The drills are trying to cultivate greater skills under a higher scenario of duress. You can have folks punching faster, harder, etc., to do this, but once you've figured out how to move reasonably well not everyone in the dojo is going to stress your metsuke and/or your Angle of Deflection, etc. So we opt to make it harder on the "defender" by restricting him/her from relying on their body movement to relieve pressure. Under this perspective, for example, the drills are attempting to duplicate those times when your opponent is so skilled it feels like you have no Angle of Deviation because he/she is so well versed in closing off such things. However, the drills are very much aimed at telling us something about the state and/or quality of our body/mind.
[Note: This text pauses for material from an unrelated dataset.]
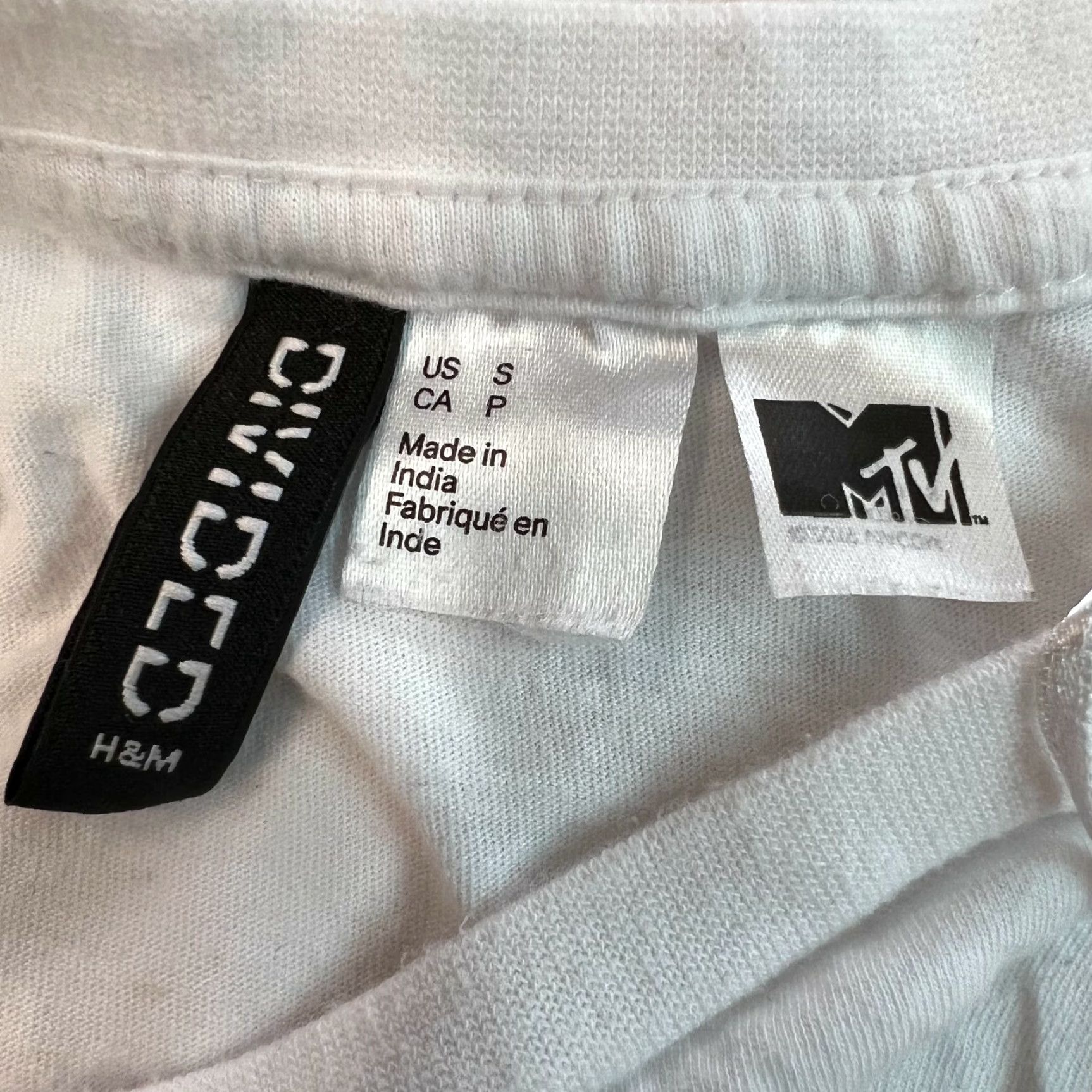 H&M Divided By H&M Women MTV Music Graphic Tee Crew Neck White T Shirt S Adult Women's White Graphic Tee 90s Theme Size S / US 4 / IT 40 - 5 Thumbnail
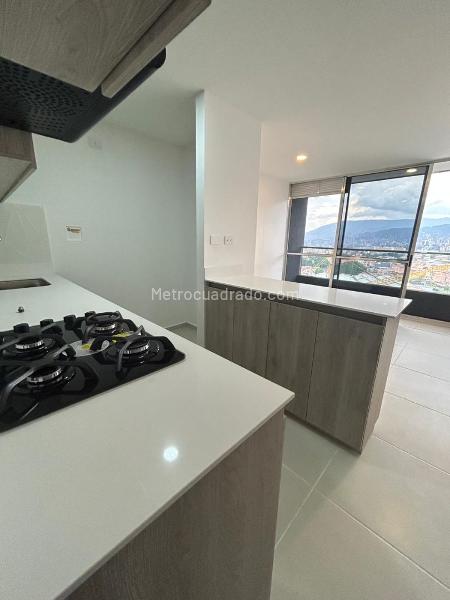 Apartamento de 3 Alcobas con Balcón en Zona Industrial No 1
Later drills, when greater and more subtle Angles of Deviations are permitted, seek to capitalize upon the higher cultivated skills of metsuke and Angle of Deviation, etc. In these drills, the restrictions limiting the attacker to only ballistic strikes are also lifted.

If you got a chance, I would recommend reading the explanation, it goes into some detail on how to perform these drills, what is being done in these drills, etc.

Hope that makes sense, if not, please feel free to ask more questions/make more comments.


Last edited by senshincenter : 08-16-2005 at 09:33 AM.